Problem details:
Transcribe all records exactly; omit pictures.

Given information:
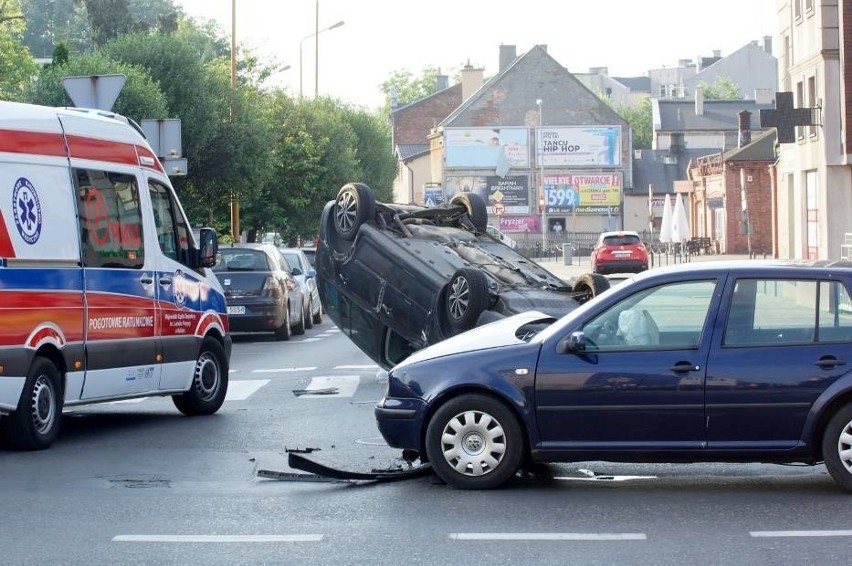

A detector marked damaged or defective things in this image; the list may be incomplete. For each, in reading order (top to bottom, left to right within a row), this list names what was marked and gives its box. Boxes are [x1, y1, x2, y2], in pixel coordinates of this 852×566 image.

overturned car wheel [332, 184, 376, 242]
overturned car wheel [446, 193, 486, 233]
overturned car [316, 184, 608, 370]
overturned car wheel [442, 268, 490, 330]
overturned car wheel [568, 274, 608, 306]
rear bumper of overturned car [374, 398, 426, 450]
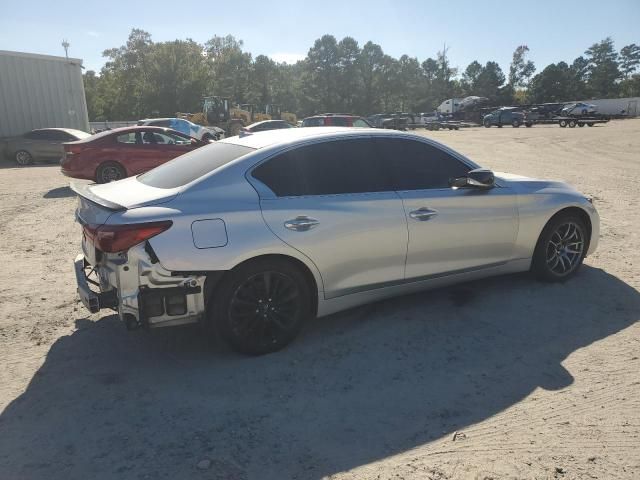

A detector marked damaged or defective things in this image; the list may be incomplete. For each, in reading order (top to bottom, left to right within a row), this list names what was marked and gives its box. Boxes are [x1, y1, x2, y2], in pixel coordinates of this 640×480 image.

Response below:
A detector marked damaged or defective things in this image; the list may be incomplete. For each, in reading order (top to bottom, left to right within a row), this list names what was marked and gives its box. Boxes are [x1, y1, x2, y2], in pixel coordinates of this 852×566 image.

overturned car wheel [332, 184, 376, 242]
overturned car wheel [446, 193, 486, 233]
overturned car [316, 184, 608, 370]
overturned car wheel [442, 268, 490, 330]
overturned car wheel [568, 274, 608, 306]
rear bumper of overturned car [374, 398, 426, 450]

A detector marked damaged or defective things in this image; the list may be incomplete. For each, in reading order (top to bottom, left to right within a row), this list names what was marked and gives its box. Boxes are [x1, y1, x2, y2], in pixel coordinates of this 640×480 image.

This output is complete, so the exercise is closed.